November 2016 

Writing:  In Writing, we just finished writing a teaching book and are moving onto how to write a narrative story.  Students are fully engaged in Writing Workshop and have learned many strategies that authors use such as: adding pages to tell more about what you know, using pictures and words to tell the story, and making sure that all of the pages fit/make sense to the story.  They have also begun working with a writing partner to share their ideas and ask clarifying questions, which prompts the writer to add more details to their piece. 

Reading:  We spent time looking at the story elements of character and setting. The students created their own character stick puppet and placed them into a setting of their choice.

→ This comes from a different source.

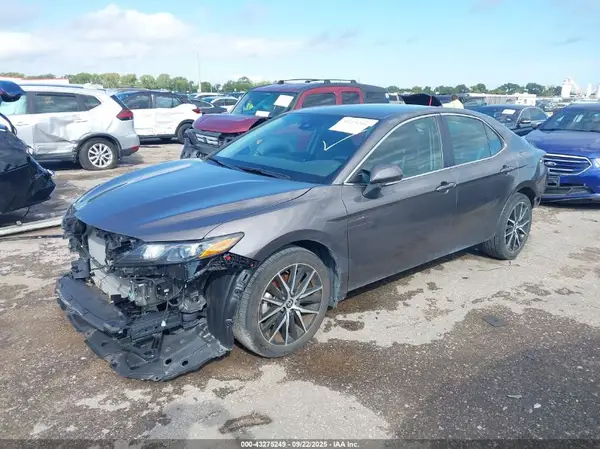 4T1G11AK3PU789051 2023 TOYOTA CAMRY - Image 2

These were then used to tell stories to a friend.  We continue to work on building our stamina during independent reading. In Fundations, we have introduced the letters/sounds: a,b,c,d,e,f,g, i, j, m, n, o, p, r, s, t, and u.  Ask your child to tell you the “story” about each letter.  For sight words, we have introduced the words: I, can, see, the, a, to, went.  Continue to highlight and practice the words on the word ring at home. If your child can identify these words, have them use them in a sentence or have your child be a “detective” and find the words he/she has learned in picture books!

Math:   We have been working on different ways to compare objects, numbers, and words.  We have talked about proper ways to measure and record your observations.  The math terms introduced during this unit are: compare, longer/shorter, same, baseline, and bigger/smaller. 

Science:   The 5 senses unit allowed us to spend some time outdoors exploring DFS using 4 of our 5 senses. We discuss but didn’t experiment with the sense of taste.  We used feeling bags, as well as smell bags to guess various objects hidden inside. This helped the students understand how important each of our senses are.  We also discussed how, when exploring the world around us, you often use more than one sense at a time.

On a different note:  Although most children grumble about doing chores, jobs at home can be a powerful way to develop “task initiation and task completion.” Chores also help children feel “worthy” and a valuable part of the family unit. We often “assume” that children know how to do a task and then we get frustrated when they don’t do it correctly. That’s why it’s important to model expectations and demonstrate. Once they have seen how to do something, independence quickly follows.  This is the model we use at school when teaching students to be independent in their work.